この時間はシャワールームの利用可能時間をとうに過ぎていたので、着替えとボディシートを持ってお手洗いに向かった。並んで待っている間、壁に体重を預けないと立つことすらままならない状況だった。周りの人が自立して立っていられることのほうが驚きだった。なぜかみんな顔に生気がある。かたや私は同行者に顔が死んでいると言われる始末である。
翌日の準備をしているうちに0時半を迎え、消灯された。翌朝の5時起床に備えて眠ろうとするも眠れず。体のしんどさのせいで眠気がこない。2時か3時頃までは一睡もできなかったが、体勢を仰向けから横向きに変えてみたところ効果があった。途切れ途切れの浅い眠りに身を任せ、朝を迎えた。
~2日目~
〈第4区 ウォーミングアップ〉
無情にも5時になり、体を起こした。昨夜はあまり寝られなかった者も多いようだ。
起床後即ウォーキング開始である。休憩所の所沢キャンパスまではそう遠くない。朝の散歩気分で道を進む。
……
第4区の休憩所である早稲田大学所沢キャンパスに到着した。ここでは所沢体育祭が催される。余力のある猛者がそのパワーをぶつけるための場だ。うさぎ跳び勝ち残り戦など、過酷な競技もある。私はもちろん観客席から見守った。
また、私が初めてマメを処置したのがここだった。マメができたら消毒した安全ピンで潰さないと痛みで歩けなくなるのだ。潰す過程は痛くないのでご安心を。
〈第5区 長丁場〉
午前中は同じような山道が続き、景色に飽きてしまった。コンビニや自販機があればご褒美を買って気を紛らわせることができるのだが、それが叶わないのも難点だ。
……
時刻は12時半頃。コンビニにさしかかったとき、足にテーピングをした。すると信じられないくらい足の裏が楽になり、回復したのだ。
遂に東京に入り、見慣れた街並みに心が弾む。歩くのが心底楽しく、幸福感すら感じた。いくらでも歩けそうだったし、スキップをしたい気分だった。
……
13時半頃。足裏の痛みが戻ってきた。体調も少し悪く、立っても座っても辛い。体調に関しては炭酸飲料をがぶ飲みしたことも原因かもしれない。
……
14時頃だろうか。何をしているのかと通行人に尋ねられた。もっとも、通行人に声をかけられ応援されることはそれまでの道中でも幾度かあった。中でも特に印象深かったのが、その方だった。

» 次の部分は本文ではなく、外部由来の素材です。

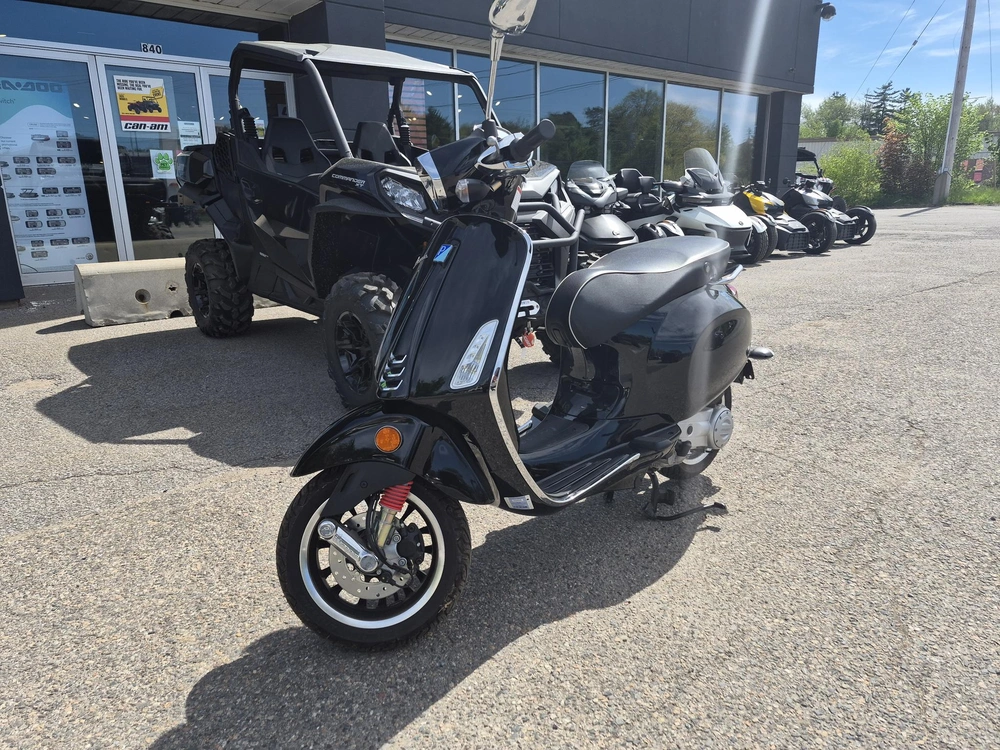 2022 Piaggio Sprint 50 Iget My22 alt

道の端でへばっている私をしきりに励ましてくださっただけでなく、自販機でキンキンに冷えた水を買って手渡してくださった。水はとてもおいしかったし、何より優しさが心に沁みた。応援に応えるためにも絶対にゴールにたどり着こうと決意を新たにした。
……
15時35分。第5区休憩所である早稲田大学高等学院・中等部に到着。やっと着いたと安堵したが、この学校は敷地が広く、門から体育館までそれなりの距離がある。1メートルも歩きたくないくらいの疲労を抱えて歩いたあの道のりは、恨めしいくらい長かった。体育館で座り込むと、またしても若干の吐き気を覚えた。

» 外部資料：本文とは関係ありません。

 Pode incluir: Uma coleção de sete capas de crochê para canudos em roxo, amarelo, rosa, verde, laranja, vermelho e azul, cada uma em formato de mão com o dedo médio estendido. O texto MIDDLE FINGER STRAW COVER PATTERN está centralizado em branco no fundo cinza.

ここから早稲田大学まであと12キロという情報を耳にした。あと20キロだと思っていたので、だいぶ心が軽くなった。ここまで既に100キロ以上歩いている身からすると、12キロはなんてことのない距離に思える。
〈第6区 最後の行進〉
疲れからか、あまりメモも記憶も残っていないため、ダイジェスト版でお届けする。
16時20分 休憩所を出る。
18時 マイルの同期達と通話する。
18時40分 高田馬場にある富士大学の横を通る。
18時52分 高田馬場駅が見えた。歓声があがる。
馬場歩きが苦しい。いつもより長く感じる。笑顔にはなれない。
南門通りの途中から全力でダッシュした。
19時19分 ゴール。
とうとうやり切った。閉会式にも間に合った。喜びを噛みしめる。もう歩かなくて良いことが何より嬉しかった。

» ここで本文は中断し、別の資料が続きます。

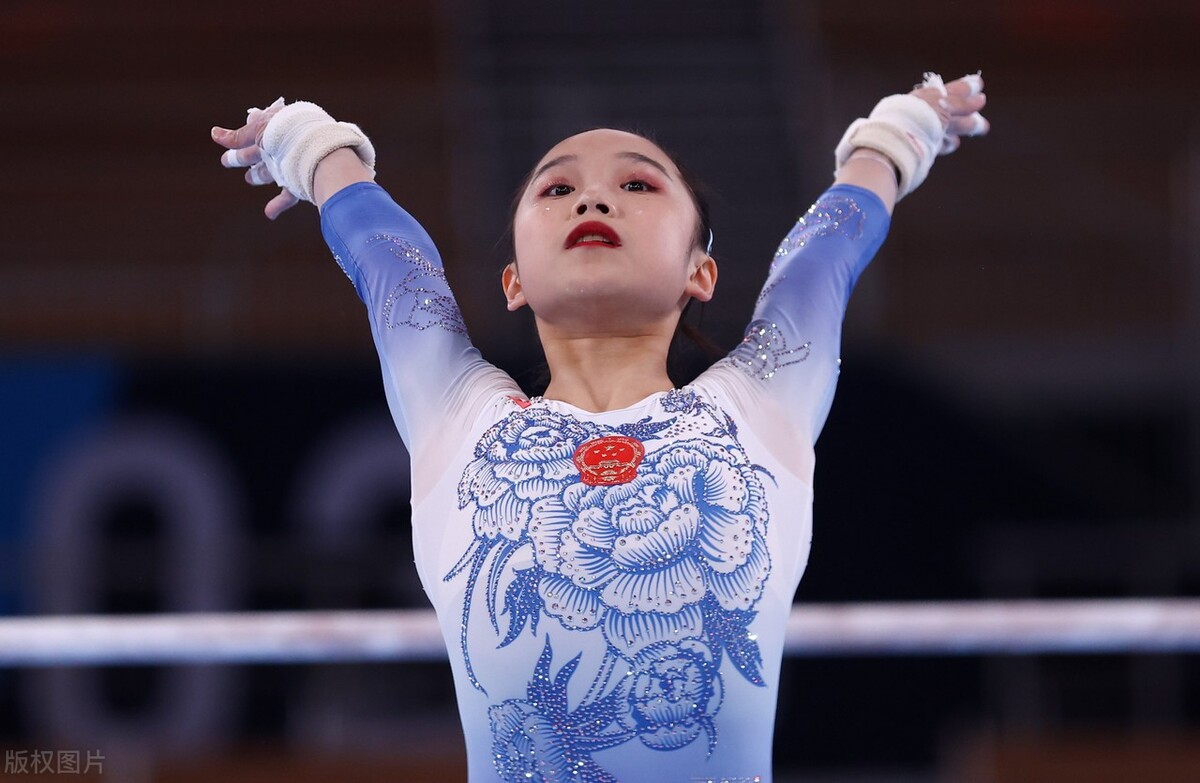 奥运会高低杠冠军有哪些(奥运女子高低杠中国无缘奖牌，芦玉菲第四范忆琳第七，比利时夺冠)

宛名つきの賞状を受け取り、閉会式が行われる11号館の大教室へ入る。無事に完歩した友人や先輩方を見つけては写真を撮った。お互いを称え、喜びを分かち合う。
閉会式でみんなで歌った校歌は感動ものだった。こみ上げる何かがあった。これが「早稲田精神」なのだろうか。
……
こうして100ハイは幕を閉じた。
この100ハイを運営してくださった皆様、そして応援してくださった皆様、本当にありがとうございました。
~後日章~
1週間ほど足の痛みがとれなかった。125キロを175860歩で歩いた結果だ。直後の3日間は足を引きずりながらカタツムリのようなスピードで通学した。いつもの道も倍の時間がかかる。
ちなみに100ハイ翌日の1限に向かう道は幻の第7区と呼ばれる。同行者はこの第7区を完歩し、第7区が1番きつかったと語っていた。
この100ハイに参加したことで、自分の根性に自信がついた。何があっても100ハイよりは辛くないと思える。参加したことで得られた経験は何にも代えがたいものだ。
とはいえ、100ハイ参加を推奨するつもりはない。本当に辛いので、軽くオススメすることはできない。しかし、この記事を読んでなお100ハイに心惹かれる人は参加してみてはいかがだろうか。
〈参加する人へのアドバイス〉
〜足元編〜
5本指ソックスを2枚重ねにした上で、靴下の上から石鹸を塗りたくるとマメができにくいらしい。なお、靴は少し大きめで履き慣れたものをオススメする。少し大きめの靴でないと、靴下2枚重ねは窮屈すぎる。
〜信号ダッシュ〜
信号が見えたらダッシュするようにすると、赤信号で止まらずに済むうえに、時間を巻ける。また、適度に走るとしんどさが緩和される。
〜疲れたら〜
音楽を聴く、歌う、人と話す、電話するなどが効果的。
〜役立つもの〜
テーピングとコールドスプレーで足を労ろう。歯ブラシも忘れないように。